Prep your hips and glutes. These muscle groups are powerhouses that help your body work more efficiently, keeping energy levels high in your subsequent session, Berenc says. To get the benefits, complete a few sets of 1 to 3 reps of an Animal Flow move or a half- or full-kneeling exercise during every warm-up.

Do something new. Climb at an indoor rock gym or work on mastering a new skill at least twice a week, suggests Berenc. “The goal is to vary the stress being placed on your body.” Switching it up will keep things fresh physically so your body doesn't get burned out in your sport.


Adopt a process mindset. No single session will rocket you to pre-injury strength, says Peterson. Instead, it's a small-steps process. Mapping out those milestones (for example, starting with a push-up from your knees, then progressing to a full push-up, and so on) gives you mini wins to keep you motivated, says Berenc.

Regress your exercises. Performing compound exercises without weight helps you rebuild tolerance for volume and intensity, says Berenc. Practice moves like the hip hinge (to prep for the deadlift) and squat at least 2 times per week and as often as every day, completing 2 to 3 sets of 8 to 12 reps. Doing so ensures you’re moving intentionally, which restores and improves range of motion, notes Peterson. Add dumbbells or other weights after 2 to 3 weeks.

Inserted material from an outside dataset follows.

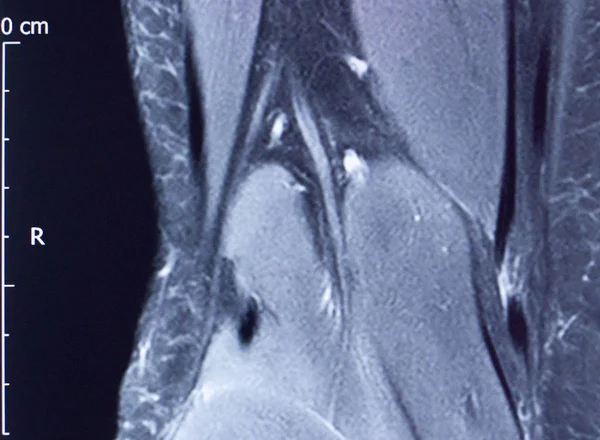 Térdsérülés MRI MCL könny — Stock Fotó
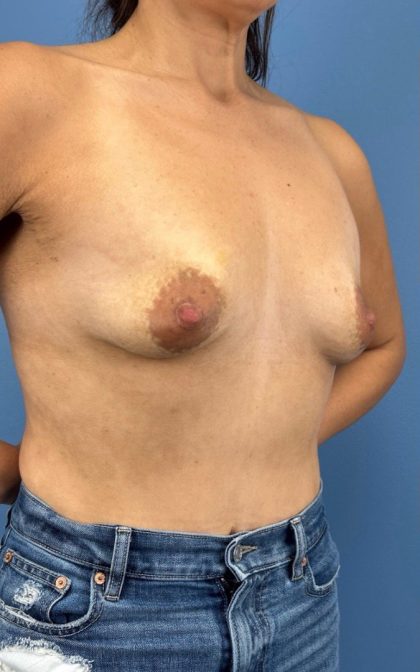 Breast Augmentation Before & After Patient #16350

Adopt long-duration static stretching. Every bit of range of motion that's lost in a joint is compensated elsewhere, explains Peterson. (If you have an injured shoulder and reach for something, you might twist more at the hip, for example, putting you at risk for more injuries.) Spend 90 seconds in a static yoga pose like Happy Baby during your warm-up to increase mobility and flexibility.

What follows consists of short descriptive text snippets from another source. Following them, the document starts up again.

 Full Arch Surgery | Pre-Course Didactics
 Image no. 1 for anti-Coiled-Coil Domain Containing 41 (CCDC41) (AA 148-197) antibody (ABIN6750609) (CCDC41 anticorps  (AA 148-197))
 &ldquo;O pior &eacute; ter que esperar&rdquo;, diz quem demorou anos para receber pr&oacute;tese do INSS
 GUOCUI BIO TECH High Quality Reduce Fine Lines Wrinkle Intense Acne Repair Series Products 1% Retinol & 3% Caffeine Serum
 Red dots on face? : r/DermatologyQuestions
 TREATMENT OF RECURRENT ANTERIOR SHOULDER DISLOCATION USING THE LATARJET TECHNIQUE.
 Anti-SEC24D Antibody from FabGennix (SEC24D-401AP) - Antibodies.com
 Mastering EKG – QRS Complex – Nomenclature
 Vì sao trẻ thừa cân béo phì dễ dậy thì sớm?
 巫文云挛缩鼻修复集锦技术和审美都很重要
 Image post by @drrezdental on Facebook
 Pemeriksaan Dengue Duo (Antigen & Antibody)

Check your breath. If you hold your breath during a lift, your body might tense up because it perceives the move as a threat. Breathing regularly relaxes the muscles, allowing for bigger movements and, ultimately, a return to the activities you love. Inhale from your belly before initiating a lift, hiss on the exhale as you move the weight, then inhale as you return to start.


Be compassionate. “Pregnancy and delivery are extremely taxing on the body,” says Berenc. “It’s like running a marathon and having to sprint up a long hill just before the finish line.” Plus, those nine months subject you to sleep deprivation, low energy, and fluctuating hormones. Showing self-love means starting out more slowly than you might like. Just know that this gradual progress will set the foundation for your future workouts, he notes.

Move close to the floor. Hip bridges and Cat-Cow allow you to work from the ground and eliminate the balance factor as you adjust to your new weight distributions, Peterson notes.

Split exercise into small chunks. If you can’t dedicate 30 back-to-back minutes, train in bursts, Berenc says. Sprinkle a few movement snacks throughout your day and by nighttime, you may have fit in a full session.

Do moves that counteract your new duties. Train your shoulders, upper back, and hips through bodyweight squats, hip-openers, side-lying rotations, and rows to counter some of the bodily stresses of caring for a newborn, like lifting them from the crib. Aim for 2 sets of 10 to 15 reps 2 to 3 times per week, Berenc says.

Prioritize your core. You lose strength in the area during pregnancy, so you need to work it every day, Peterson says. Dead bugs require you to draw your belly button inward, which increases ab engagement. Perform 1 set of 6 to 8 reps per day. He suggests spending three times longer on the eccentric (lengthening) phase of each move than you do on the concentric (shortening) phase.

Another way to activate the deep core muscles, Berenc notes: diaphragmatic breathing. Do 1 to 2 sets of 1 to 2 minutes during every workout; it's surprisingly difficult and will help you restore core strength.